ELMINA CASTLE: The den of slavery adorned with Christianity
Built in the year 1482 by the Portuguese, the Elmina Castle, which is currently 541 years old boast of being the largest and oldest castle not only in Ghana but all across Africa.

Date Created : 7/17/2023 12:00:00 AM : Story Author : Emmanuel Frimpong/

The castle was initially built by the Portuguese with the intension of being used as a warehouse to keep goods from their trading business with their African counterparts.

The Portuguese, who had earlier settled at Elmina as missionaries or propagators of Christianity later shifted their attention from their core missionary work to Gold and Ivories trade in the sub-Saharan country.

The missionaries were later involved in the exchange of guns, gun power, alcohol and tobacco for gold and ivories- a situation that led to the butter trade system in Africa.

However, in 1500, the whites again shifted their attention from the then famous butter trade system to human trade and this time the warehouses at the same castle were converted into dungeons where humans were kept for days, weeks or even months before they were finally shipped to the western world.

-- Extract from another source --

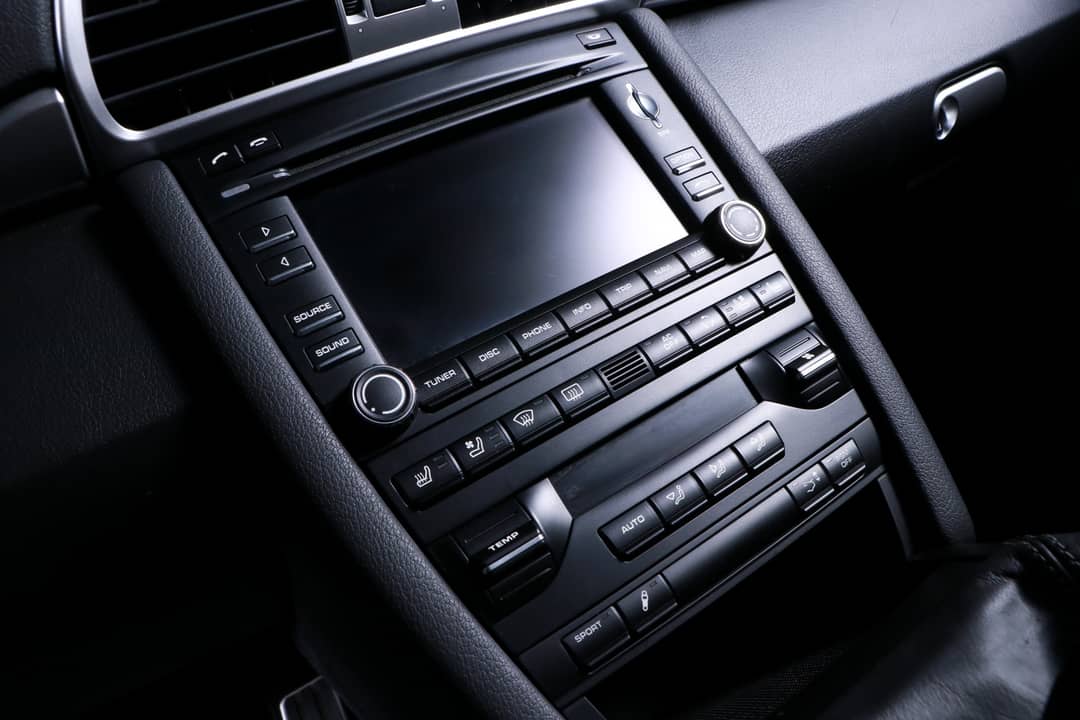 2011 Porsche 911 Carrera 4S — photo 32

The slave trade continued for more than a century until in 1637 the Dutch army bombarded the castle from a nearby hill and took over control of it.

But in a smart way, they built another fort on the hill they used to attack the Elmina castle to prevent others from attacking it.

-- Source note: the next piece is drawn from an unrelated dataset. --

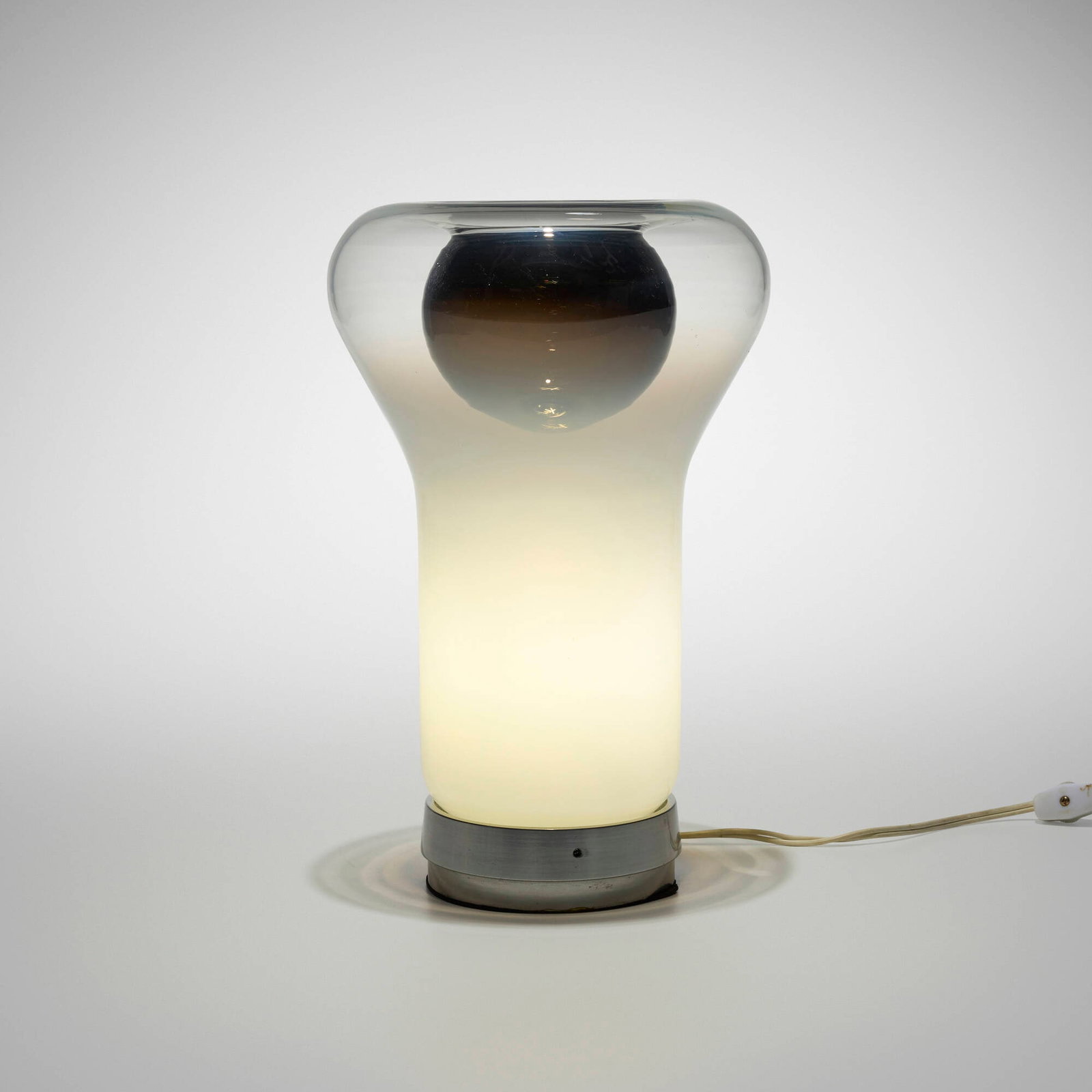 Angelo Mangiarotti, Saffo table lamp (1 of 3)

The castle was subsequently enlarged by the Dutch, who also used it for their gold and ivory business as well as slave centre until 1814 when the slave trade was abolished.

In 1872, the castle was sold to the British who also used it as a sub administrative centre.

During the World War II, the castle was used as a training centre for the Royal West Africa Frontier Force before they were sent to Burma in India to participate in the war.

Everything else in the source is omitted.